* Data for this task:
● ● ● ● ● ● ●

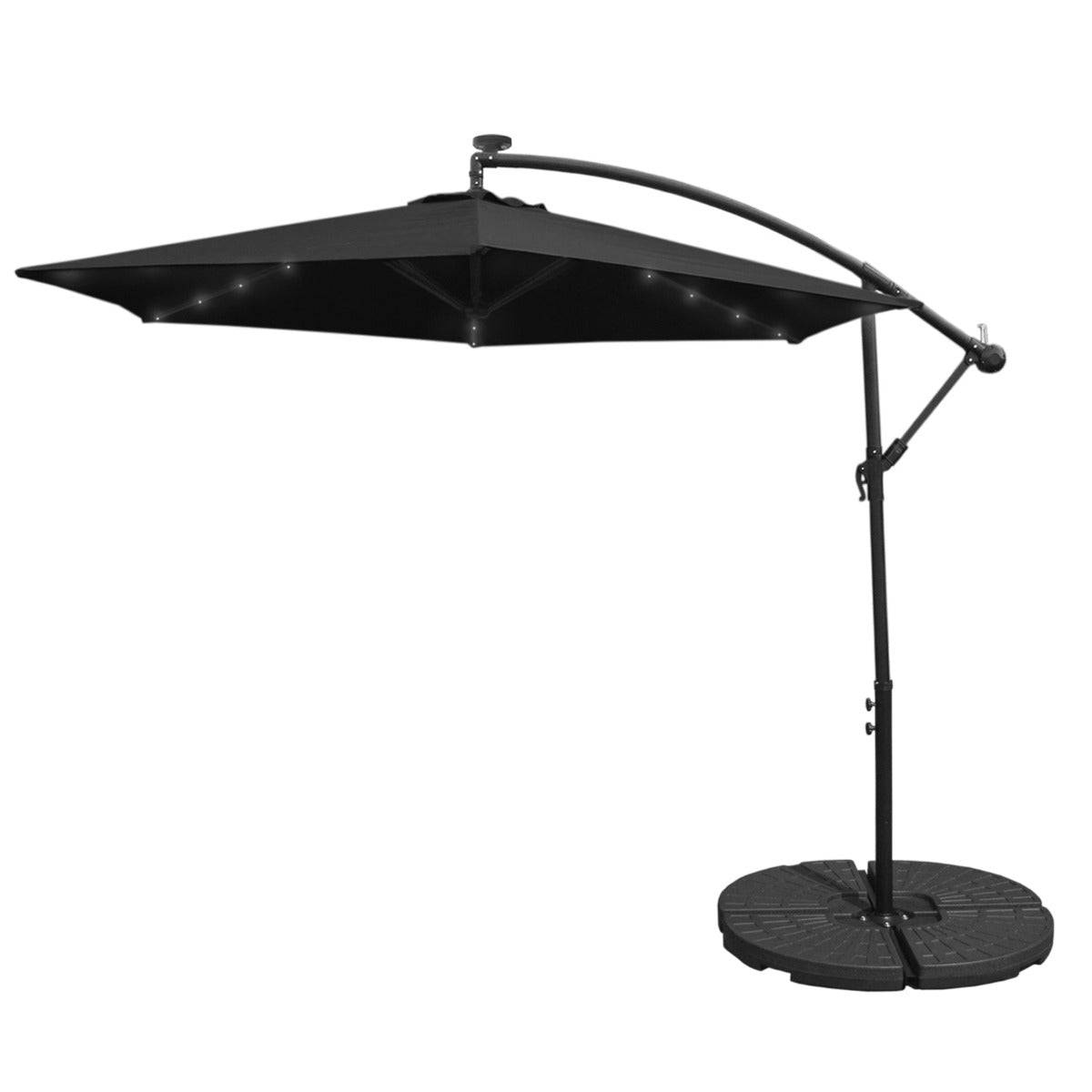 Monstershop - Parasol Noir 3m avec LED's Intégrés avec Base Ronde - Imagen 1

● ● ● ● ● ● ●

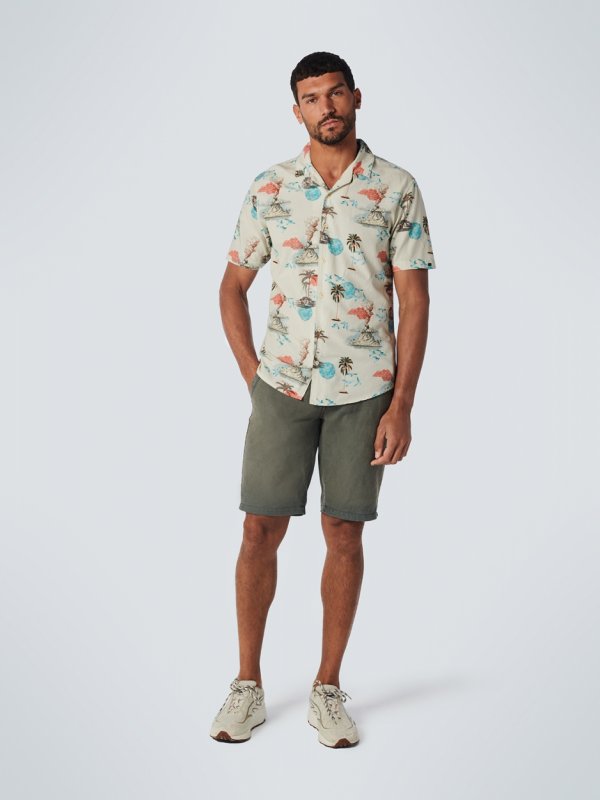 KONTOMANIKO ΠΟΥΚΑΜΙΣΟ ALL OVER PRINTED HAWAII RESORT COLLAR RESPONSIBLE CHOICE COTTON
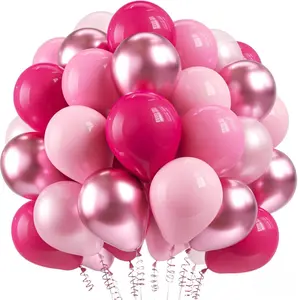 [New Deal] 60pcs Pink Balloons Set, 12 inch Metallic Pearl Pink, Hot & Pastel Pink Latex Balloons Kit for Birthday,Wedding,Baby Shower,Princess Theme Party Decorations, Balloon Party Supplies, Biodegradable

● ● ● ● ● ● ●

* Aim of the exercise: Output exactly, and only, the lines of the entries above from the one with "KONTOMANIKO ΠΟΥΚΑΜΙΣΟ ALL" up to and including the one with "[New Deal] 60pcs"; pictures are to be left out.

* Result:
 KONTOMANIKO ΠΟΥΚΑΜΙΣΟ ALL OVER PRINTED HAWAII RESORT COLLAR RESPONSIBLE CHOICE COTTON
 [New Deal] 60pcs Pink Balloons Set, 12 inch Metallic Pearl Pink, Hot & Pastel Pink Latex Balloons Kit for Birthday,Wedding,Baby Shower,Princess Theme Party Decorations, Balloon Party Supplies, Biodegradable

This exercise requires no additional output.